Голос папы снова был сонным.

– Папа, я до сих пор не выбрала песню. Как ты думаешь, что лучше?

Я сделала упор на слово «лучше», но я надеялась, что папа и так все понял. Он долго молчал, я даже успела подумать, что связь оборвалась.

– Детка, я думаю, теперь тебе стоит спеть песню о любви.

От бабушки я всегда скрывала не только свои прошлые отношения, но и вообще наличие мужчин в моем окружении. Для родителей моя личная жизнь всегда была довольно прозрачной, насколько это было возможно, учитывая, что я вообще не любила много рассказывать о себе. Сейчас же мне стало стыдно оттого, что папа видел меня и Йозефа. Должно быть, он теперь ещё больше беспокоился за мою безопасность, хотя наверняка рассматривал вариант о моем становлении вампиром. Раз папа уже видел ночной эфир, его голос был вовсе не сонным, а грустным.

– Я имею ввиду ту самую песню, которая тебе недавно нравилась. Не помню название.

Это была нелепая маскировка, никакой «той самой песни» не было.

– А что ты будешь петь?

– Ещё не думал.

Папе было совсем плохо, он потерял какую-либо мотивацию выжить самому. Я пока не знала, как ему помочь, казалось, всё, что я скажу, только больше его расстроит. Если я буду говорить, что мы обязательно победим вдвоем, он не поверит. Я могла утешить его, сказав: ты выиграешь шоу благодаря своей популярности, а я попробую привлечь вампира. Но такие слова только сделали бы ему больнее. Я поблагодарила его и вернулась к выбору песни.
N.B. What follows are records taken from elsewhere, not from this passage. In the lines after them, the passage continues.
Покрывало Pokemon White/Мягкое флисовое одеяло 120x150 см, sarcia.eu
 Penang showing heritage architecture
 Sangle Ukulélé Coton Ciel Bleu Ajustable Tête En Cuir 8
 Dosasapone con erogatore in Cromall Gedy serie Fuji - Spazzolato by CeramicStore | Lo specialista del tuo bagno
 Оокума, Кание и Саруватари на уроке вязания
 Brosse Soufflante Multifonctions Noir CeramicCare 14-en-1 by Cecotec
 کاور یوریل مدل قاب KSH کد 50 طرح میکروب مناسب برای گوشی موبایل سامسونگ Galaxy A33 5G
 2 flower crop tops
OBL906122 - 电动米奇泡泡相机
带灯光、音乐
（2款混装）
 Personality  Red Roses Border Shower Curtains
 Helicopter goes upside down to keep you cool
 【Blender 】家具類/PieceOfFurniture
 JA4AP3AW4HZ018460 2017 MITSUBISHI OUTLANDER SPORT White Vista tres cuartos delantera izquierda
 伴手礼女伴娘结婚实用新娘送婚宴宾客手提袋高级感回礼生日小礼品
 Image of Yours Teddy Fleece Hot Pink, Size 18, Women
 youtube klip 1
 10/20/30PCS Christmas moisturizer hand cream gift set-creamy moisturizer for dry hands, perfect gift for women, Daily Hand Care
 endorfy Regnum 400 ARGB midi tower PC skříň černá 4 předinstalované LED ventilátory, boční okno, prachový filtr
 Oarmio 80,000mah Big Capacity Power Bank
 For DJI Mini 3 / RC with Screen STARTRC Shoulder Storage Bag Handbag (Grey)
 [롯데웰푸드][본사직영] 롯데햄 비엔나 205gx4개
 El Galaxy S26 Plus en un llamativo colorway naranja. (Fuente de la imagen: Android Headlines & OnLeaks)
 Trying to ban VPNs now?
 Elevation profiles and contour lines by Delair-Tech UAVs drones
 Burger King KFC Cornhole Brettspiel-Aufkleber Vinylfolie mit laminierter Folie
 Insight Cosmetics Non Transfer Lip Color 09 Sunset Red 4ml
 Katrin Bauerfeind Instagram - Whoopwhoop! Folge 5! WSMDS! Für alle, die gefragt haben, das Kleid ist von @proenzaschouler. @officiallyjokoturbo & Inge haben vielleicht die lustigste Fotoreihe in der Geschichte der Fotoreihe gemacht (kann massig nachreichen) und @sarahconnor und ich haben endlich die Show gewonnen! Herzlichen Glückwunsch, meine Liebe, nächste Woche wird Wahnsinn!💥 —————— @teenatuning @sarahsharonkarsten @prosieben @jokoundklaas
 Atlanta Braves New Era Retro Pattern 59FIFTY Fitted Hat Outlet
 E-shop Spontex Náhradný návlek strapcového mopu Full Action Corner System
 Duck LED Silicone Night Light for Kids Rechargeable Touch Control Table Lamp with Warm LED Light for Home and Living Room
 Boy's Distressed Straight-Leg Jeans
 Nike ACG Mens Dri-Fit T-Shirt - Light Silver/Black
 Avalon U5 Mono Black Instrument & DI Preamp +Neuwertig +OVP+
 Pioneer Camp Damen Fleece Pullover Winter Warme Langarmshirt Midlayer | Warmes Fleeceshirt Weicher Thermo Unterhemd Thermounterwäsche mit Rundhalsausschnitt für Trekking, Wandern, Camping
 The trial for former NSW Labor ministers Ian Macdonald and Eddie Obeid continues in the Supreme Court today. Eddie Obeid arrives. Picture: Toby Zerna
В итоге я остановилась на вполне приятной песне о снеге над вечно холодным городом, который можно пережить только вдвоем.

Я долго говорила со звукорежиссёром и стилистом про сегодняшнее выступление. У меня сложилось впечатление, будто бы для них этот вечер важнее, чем для меня. Прежде, чем преступить к репетициям, я снова зашла в интернет, чтобы быстро пролистать, чем занимались другие участники. Папа просидел практически весь день в своей комнате. Двое участников из той команды подрались, и одного из них даже возили в больницу, в которой, впрочем, кроме нескольких ушибов и сотрясения головного мозга ему ничего не поставили. Один из них работал менеджером в компании по продаже канцелярских товаров, у него было двое детей и квартира в кредит, его звали Феликс. Второй, Найджел, отсидел в тюрьме за оказание сопротивления полицейскому при попытке отвезти его в отделение, водил в пьяном виде. В больнице оказался Найджел. Бригитта набирала популярность. Оказалось, она тоже успела завести знакомство с вампиром. Он был из конца позапрошлого века, надменный и мрачный, каким и должен быть вампир. Бригитта держалась с ним достойно, мне самой было приятно наблюдать, как она красиво, по-женски обольщает его, будто бы они с ним находятся в равных условиях. Правда меня не покидало ощущение, что он присматривается к ней вовсе не для того, чтобы сделать её себе подобной.

Наше небольшое поселение сегодня было особенно притихшим. Я думала, что даже мои громкие соседи старались вести себя незаметнее. Я выяснила позже, что они в пижамах вышли к звукорежиссеру,

чтобы сказать названия песен, а потом оборвали его попытки обсудить выступление грубо и весомо и вернулись обратно спать.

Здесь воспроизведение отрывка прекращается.